The Turner Prize is an annual prize given to a British visual artist under 50, named after the painter J.M.W. Turner. It is organized by the Tate, and since its beginnings in 1984 it has become the United Kingdom's most publicised art award. The prize fund in 2004 was £40,000.

Introduction

Each year during the build-up to the announcement of the winner, the Prize receives intense attention from the media. Much of this attention is critical and the question is often asked, "is this art?". The artists usually work in "innovative" media, including video art, installation art and unconventional sculpture, though painters have also won.

Nominations for the prize are invited from the public, although this is widely considered to have negligible effect. The short-list (which since 1991 has been of four artists) is announced several months before a show of the nominees' work opens at Tate Britain, and the prize itself is announced a few weeks after that. The prize is not judged on the show, however, but on the artists' contribution to art over the previous year.

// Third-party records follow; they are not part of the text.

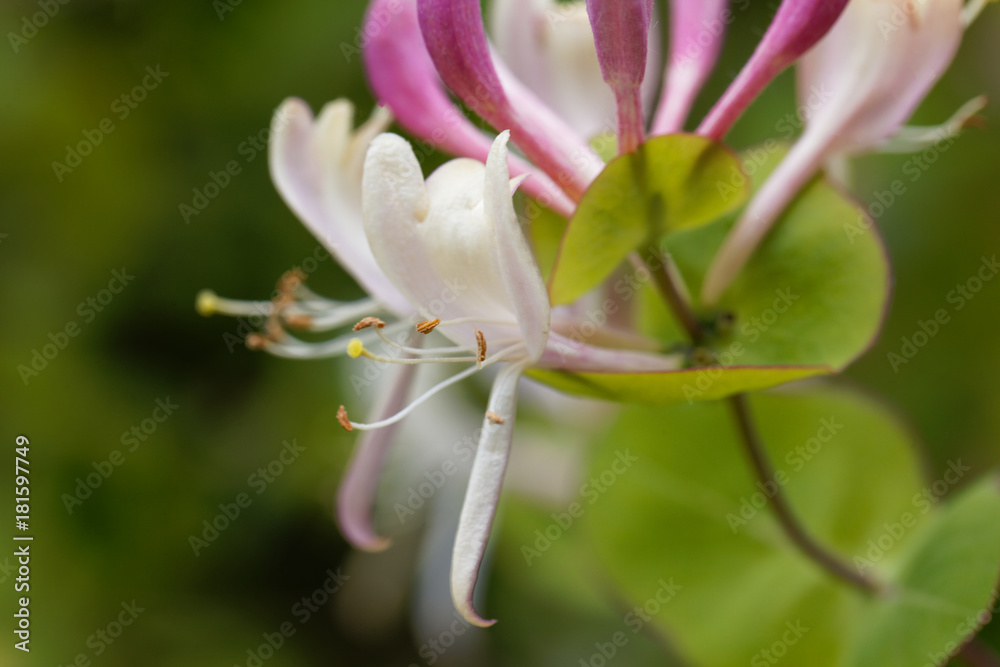 Fototapeta premium Etruscan honeysuckle (Lonicera etrusca)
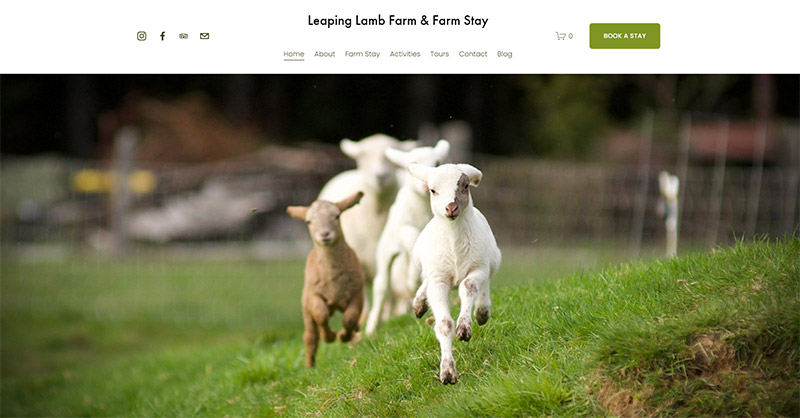 Leaping Lamb Farm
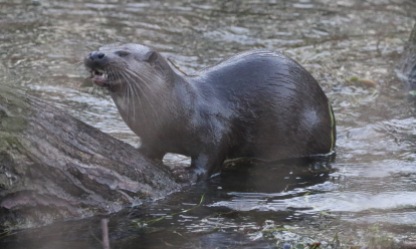 Otter, Santon Downham 18th Februa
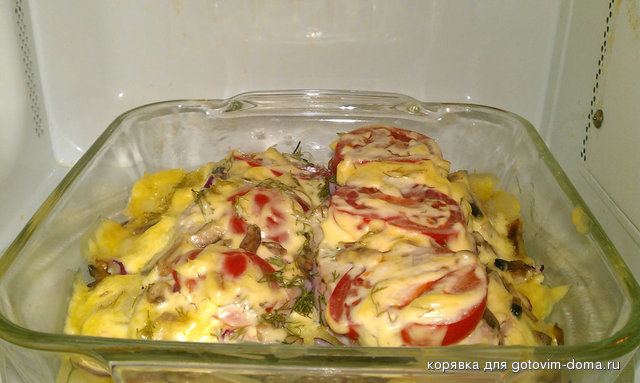 IMAG0523.jpg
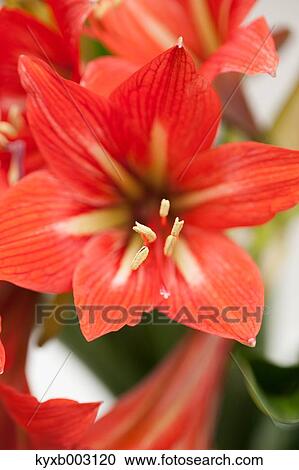 Stock Image - Amaryllidaceae. Fotosearch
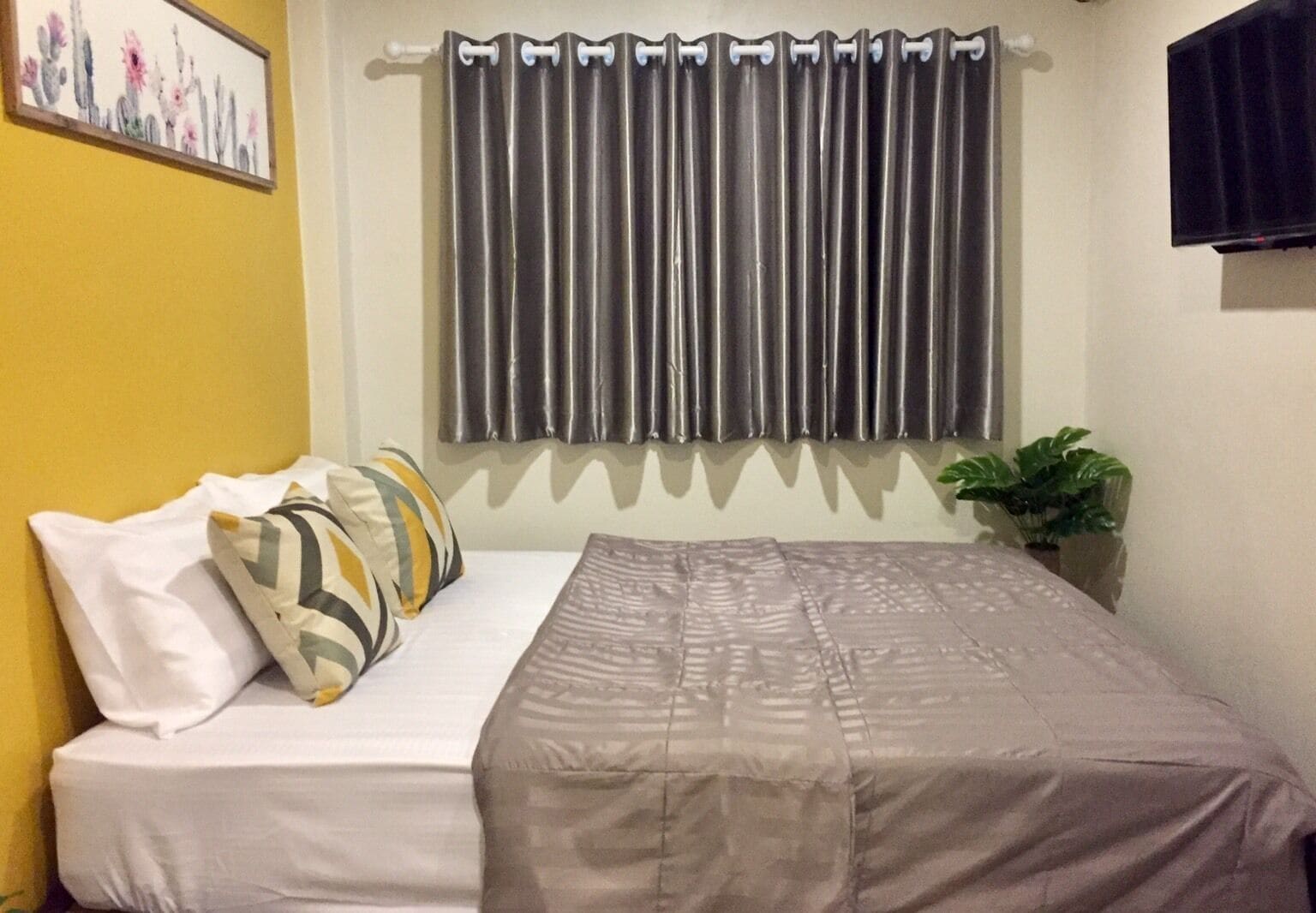 A bedroom with a bed, pillows, a curtain, a wall-mounted TV, and a plant.
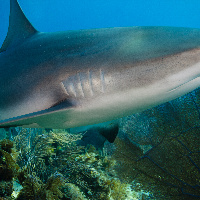 Caribbean Sharks (Carcharhinus perezii)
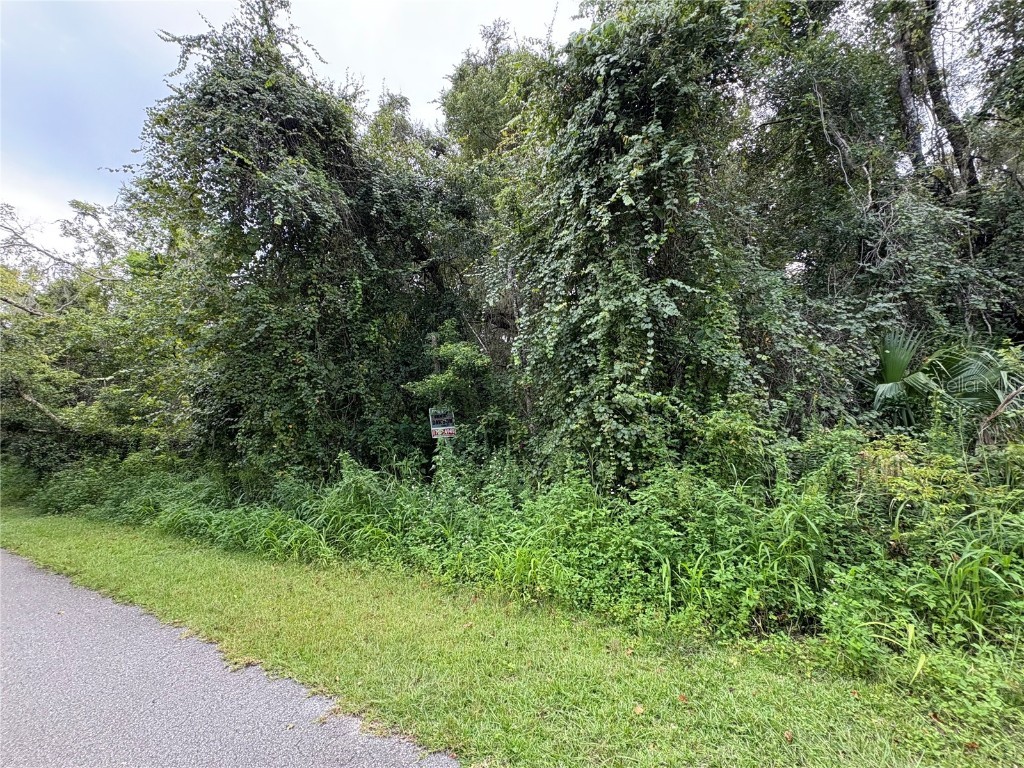 Lucilles Shady Lane Nobleton FL 34661 TB8424547 image49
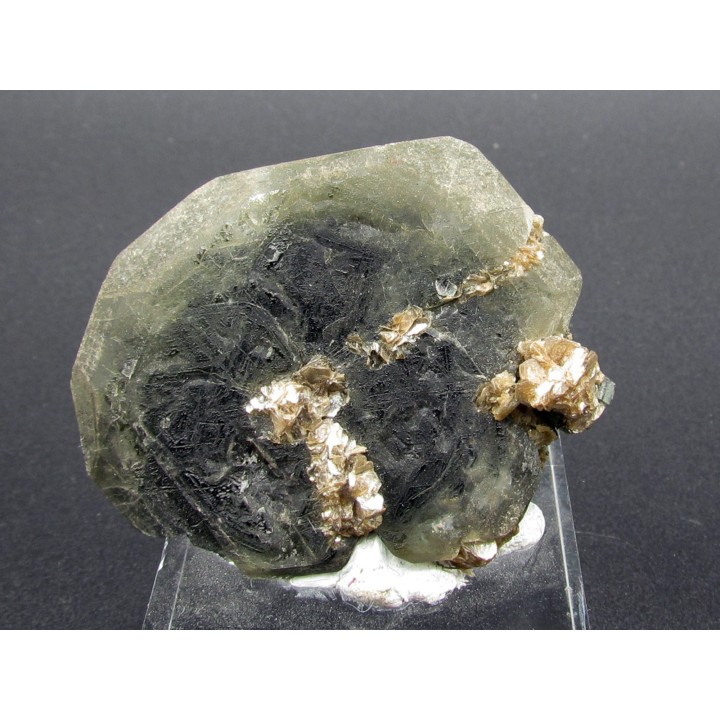 Apatite sur Muscovite - Minas Gerais - Bresil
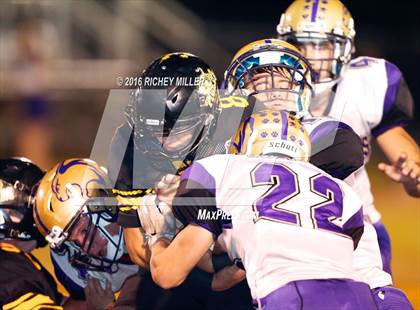 Thumbnail 2 in Berryville @ Prairie Grove photogallery.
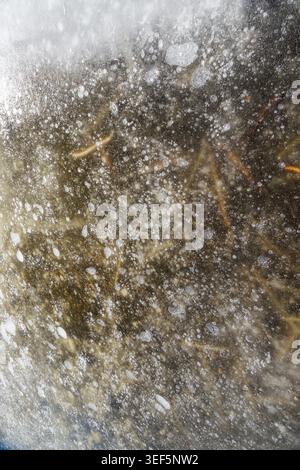 Close up of trapped air bubbles and organic matter inside lake ice. Intricate natural winter texture and pattern for background use. Stock Photo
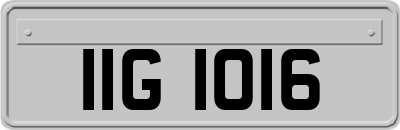 IIG1016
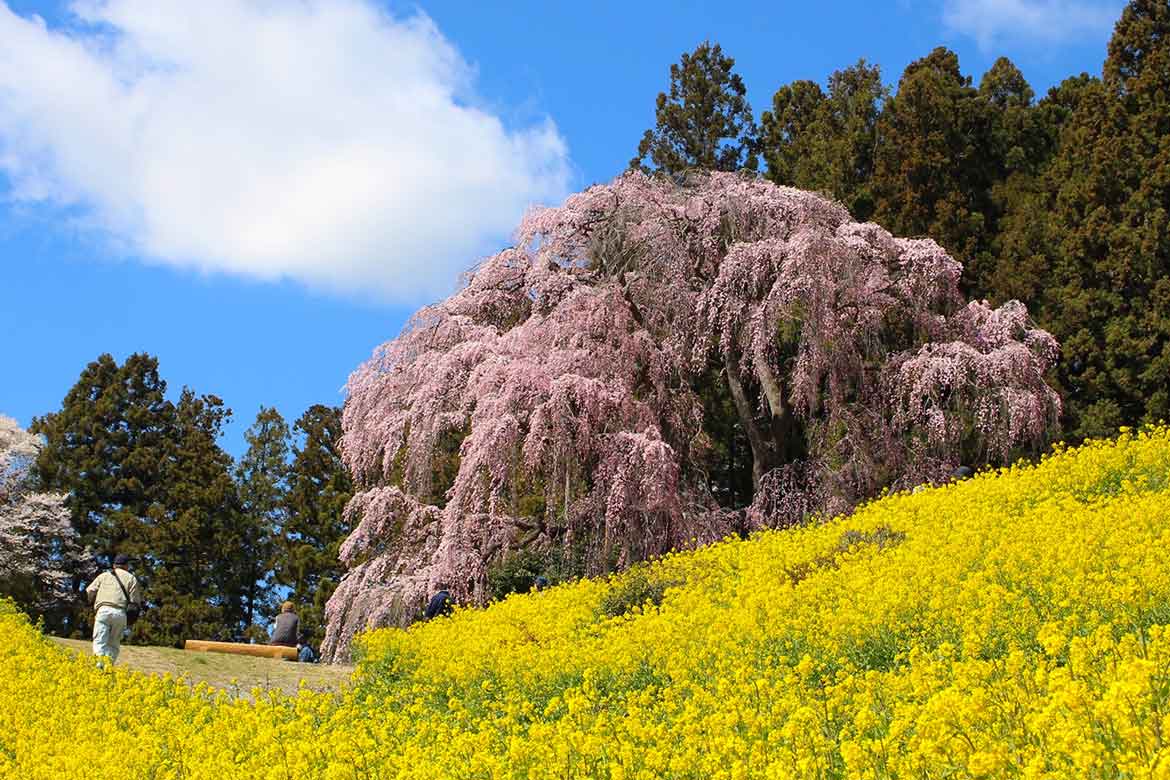 菜の花との共演が鮮やかな「合戦場(かっせんば)のしだれ桜」【二本松市】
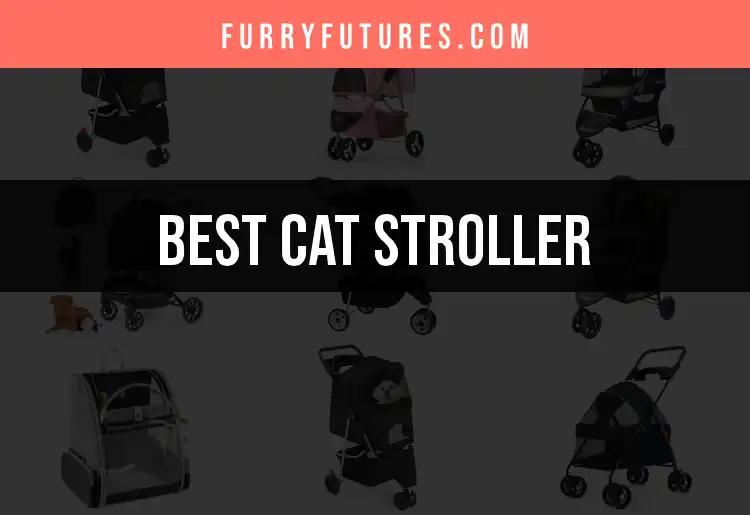 13 Amazing Cat Strollers for Adventurous Felines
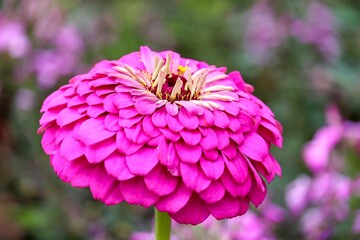 pinke Blüte einer Zinnie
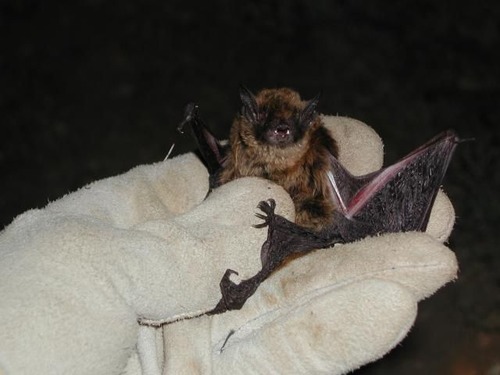 A Long-legged Bat with brown fur is held in a researcher's gloved hand.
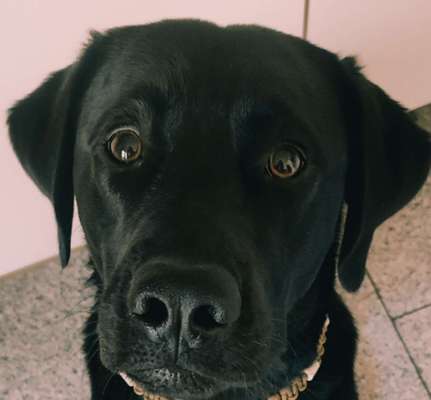 150. Foto Challaenge:  Die Augen, der Spiegel der Seele-Beitrag-Bild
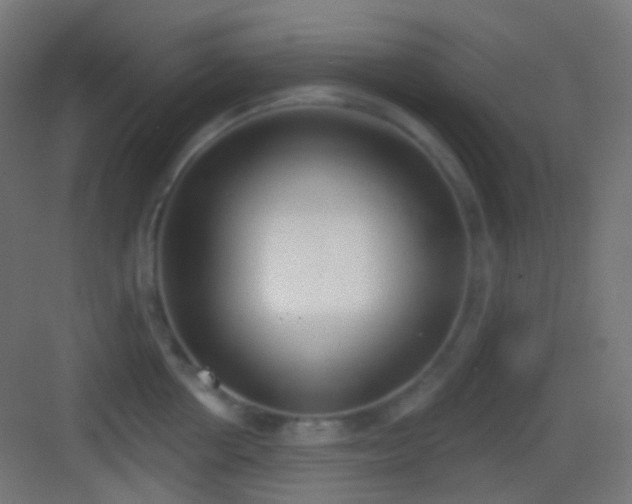 X0000083530858200702091004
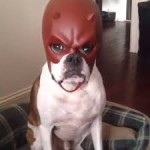 ShitDemon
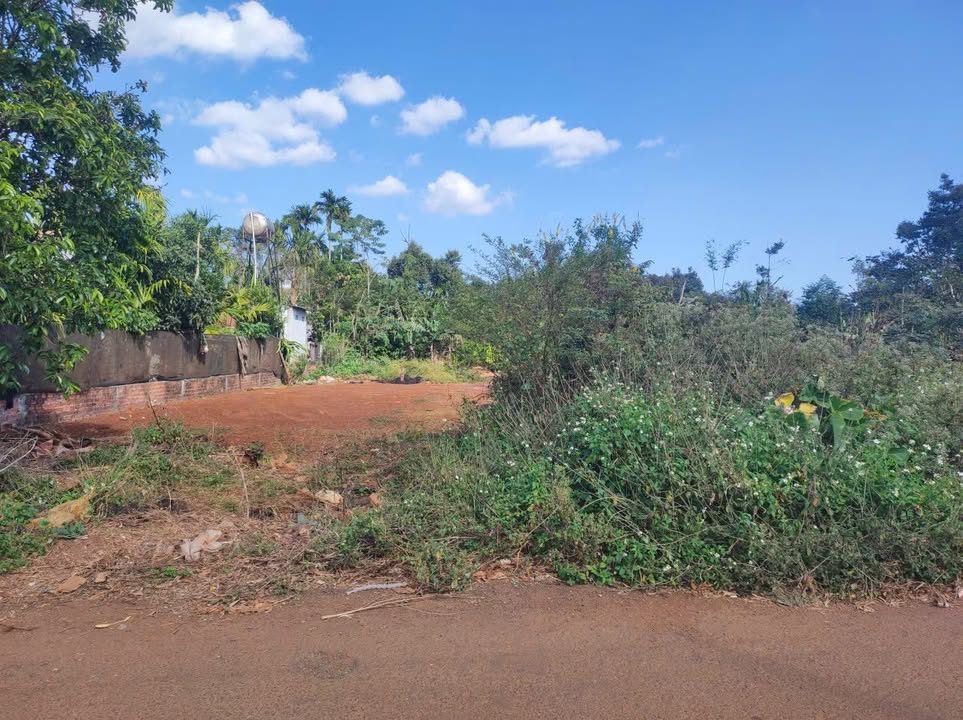 Đất thổ cư Hẻm 171 Nguyễn Thái Bình, 170m² giá 250 triệu - Đầu tư sinh lời ngay!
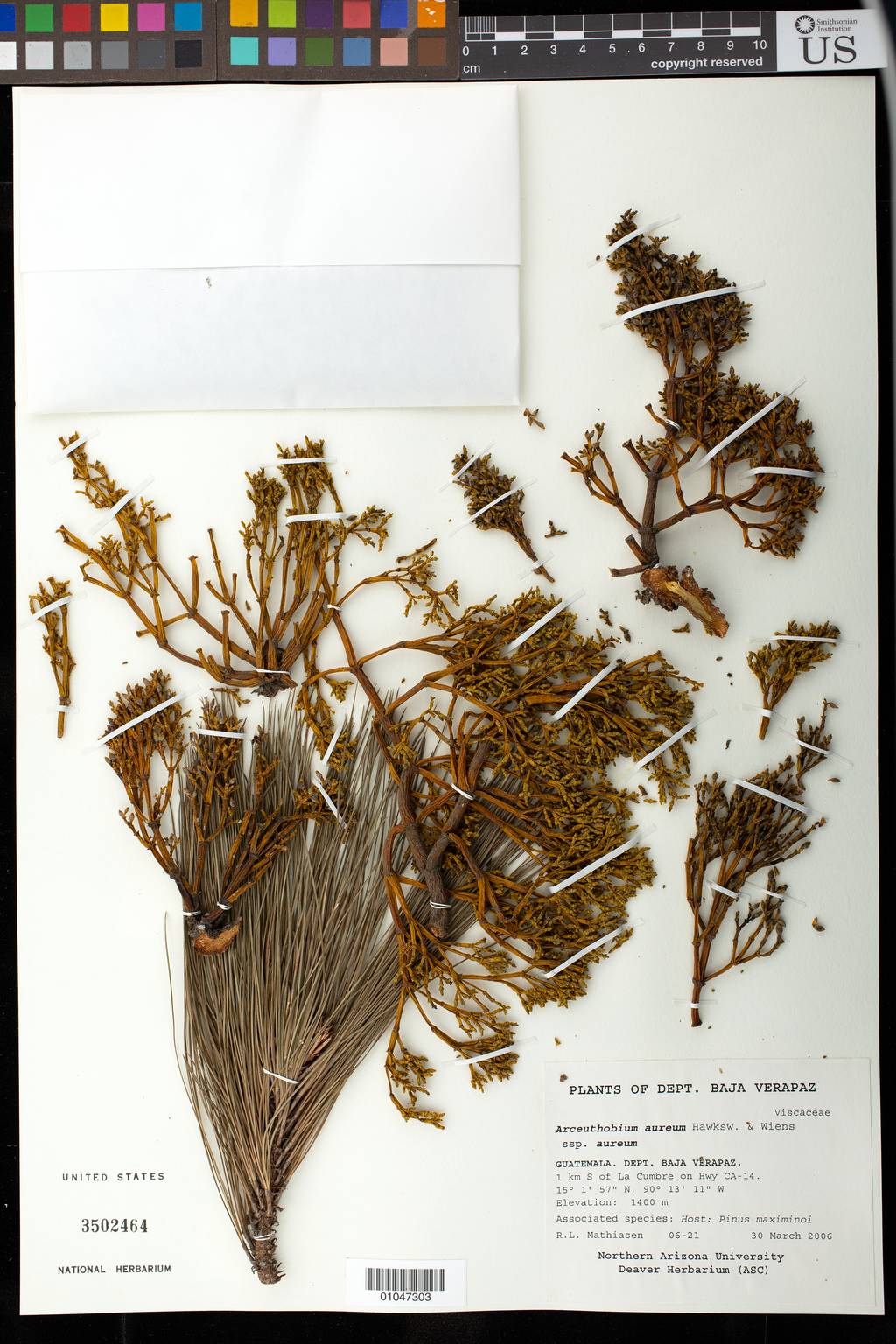 Arceuthobium aureum subsp. aureum image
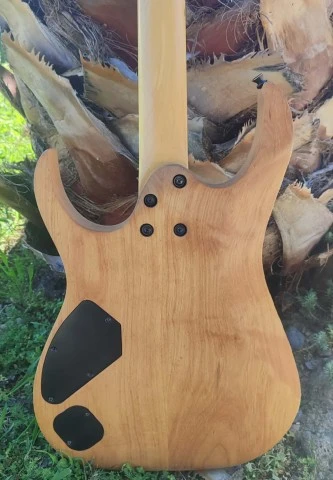 Ibanez Custom Build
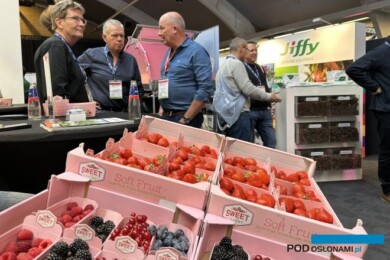 Wystawa towarzysząca ISFC to miejsce spotkań i dyskusji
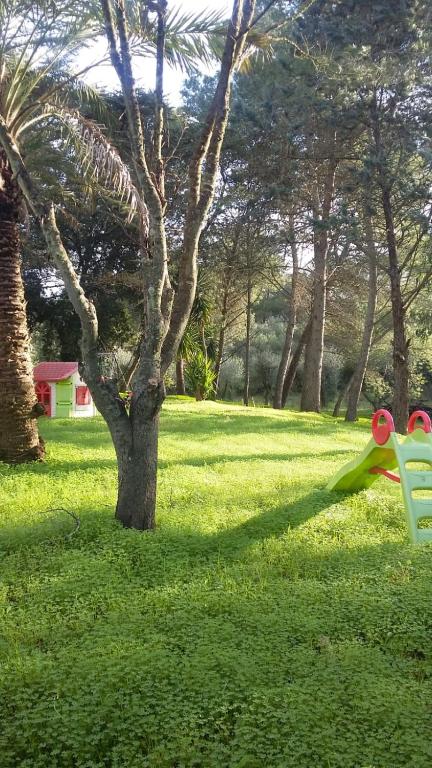 Casina nel Salento - 8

The exhibition and prize rely on commercial sponsorship. From 1987 this was provided by the company Drexel Burnham Lambert; their withdrawal led to the 1990 prize being cancelled. Channel 4, an independent television channel, stepped in for 1991, doubled the prize money to £20,000, and supported the event with documentaries and live broadcasts of the prize-giving. In 2004 they were replaced as sponsors by Gordon's gin, who also doubled the prize money to £40,000, with £5,000 going to each of the shortlisted artists, and £25,000 to the winner.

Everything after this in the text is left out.